Keynote Talks

CSA Keynote

  • Chair: Michihiro Koibuchi (NII), Shoichi Hirasawa (NII)
  • Speaker: Naoto Fukumoto, Fujitsu
  • Title: Performance tuning of applications for large-scale computer systems
  • Abstract: It is difficult to achieve high performance on large-scale computers. Various techniques and know-how are required, but this kind of information is often not disclosed. In this talk, the speaker will give an overview of tuning for large-scale computers, and introduce examples of tuning for Linpack benchmark and deep learning on famous Japanese supercomputers.

LHAM Keynote

  • Chair: Keiichiro Fukazawa (Kyoto Univ.), Hiroyuki Takizawa (Tohoku Univ.)
  • Speaker: Yohei Miyake (Kobe University)
  • Title: A Decade of Effort in HPC toward Realistic Scale Spacecraft-Environment Interaction Simulations
  • Abstract: Rapid progress of space science and engineering over the last decades is greatly attributed to advanced use of computer simulations. However, some of numerical models, e.g., particle-in-cell plasma simulations, have faced significant difficulties in exploiting computational power of modern HPC systems. We, working in the field of space science, have implemented a long- standing research collaboration with experts in the computer science community. The talk reviews the effort over this period to optimize particle- based plasma simulation model for modern and changing HPC systems. We also introduce our recent activities to develop a multi-scale framework for further realistic space simulations.

PDAA Keynote

  • Chair: Sayaka Kamei (Hiroshima University), Fukuhito Ooshita (NAIST)
  • Speaker: Stéphane Devismes, Université de Picardie Jules Verne
  • Title:Self-Stabilizing Leader Election in Highly Dynamic Networks
  • Abstract: Modern networks (e.g., MANET, VANET, and DTN) are prone to both faults and frequent alteration of their topology (i.e., the addition or removal of links). Self-stabilization is a versatile fault-tolerant property. In this talk, I will present recent advances in self-stabilization for highly dynamic systems. I will focus on the fundamental problem of leader election.

SUSCW Keynote

  • Chair: Hideharu Amano, Nobuhiko Nakano
  • Speaker: Shaswot Shresthamali (Keio University)
  • Title: Reinforcement Learning for Energy Harvesting Wireless Sensor Nodes
  • Abstract: Energy Harvesting Wireless Sensor Nodes (EHWSNs) have become very popular as edge devices in the Internet of Things (IoT) ecosystem. Since they harvest energy from their working environment, they can operate perpetually by maintaining energy neutrality. This makes them very attractive as long-term sustainable solutions for IoT. In this talk we will investigate how EHWSNs can leverage Reinforcement Learning (RL) to learn intelligent energy management policies that can optimize and adapt even when the working environment is complex and unpredictable.

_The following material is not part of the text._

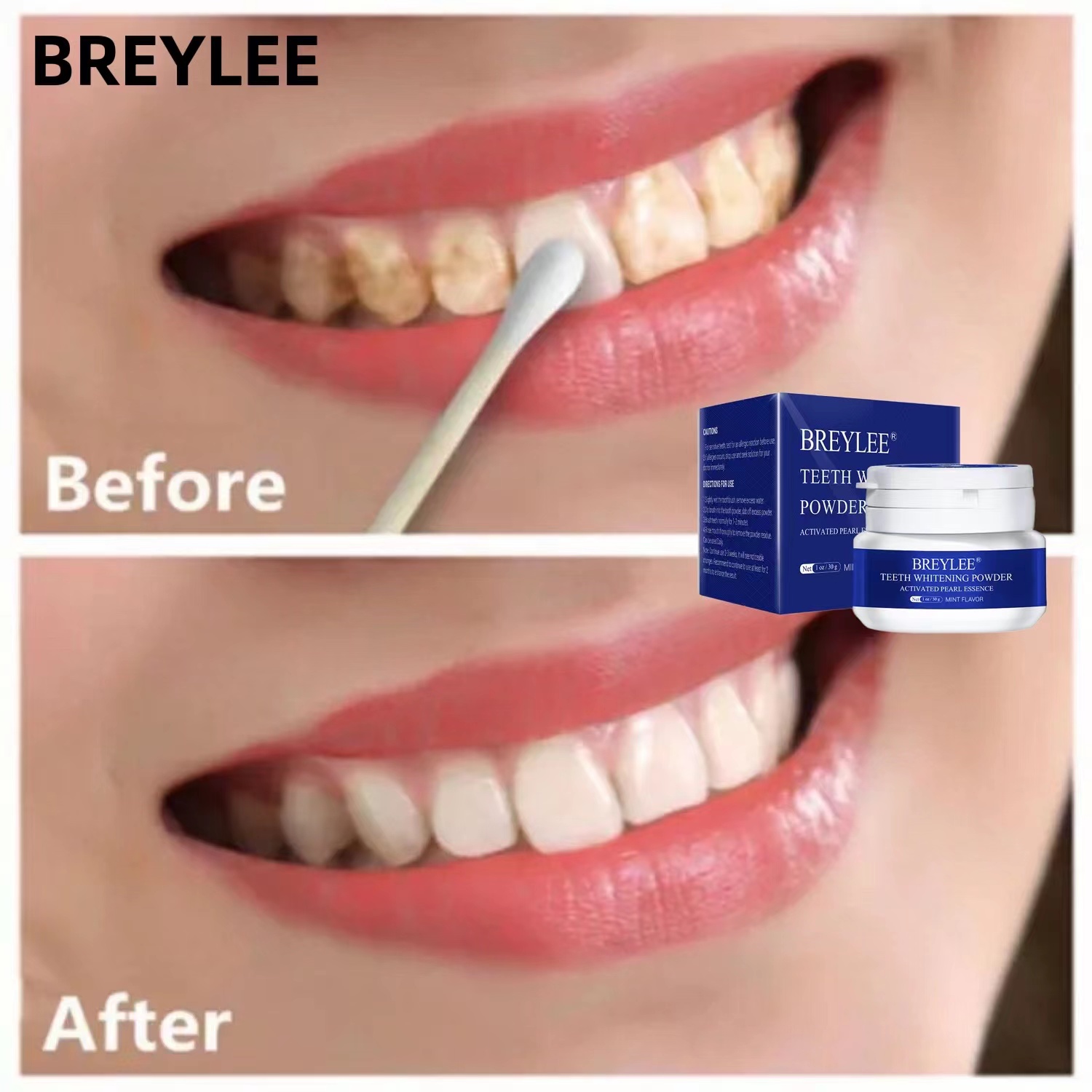 BREYLEE Bột Tẩy Trắng Răng Kem Đánh Răng Nha Khoa Dụng Cụ Răng Trắng Sạch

However, RL requires significant amounts of time and computation in addition to the risks associated with trial-and-error learning. We will discuss why the learning process is so inefficient and what solutions are feasible in the context of EHWSNs. Specifically we will look at how clever problem formulation and distributed learning can help overcome some of the challenges in implementing RL for EHWSNs.

WICS Keynote

  • Chair: Toru Nakanishi (Hiroshima University)
  • Speaker: Kazumasa Omote, University of Tsukuba
  • Title: Security Risks for Blockchain and Cryptoasset
  • Abstract: The blockchain satisfies not only the cryptographic aspect of tamper resistance, but also the network aspect of high availability, and furthermore, it can directly handle money, which is called a cryptoasset. On the other hand, it has been observed that attacks have actually been carried out using the properties of tamper resistance and high availability. Because of the direct handling of money, attacks on blockchains are very active. In this talk, we present recent researches on security risks related to blockchain and cryptoassets, including blockchain poisoning attacks, unauthorized access to cryptoasset nodes, and the risk of worthless cryptoassets.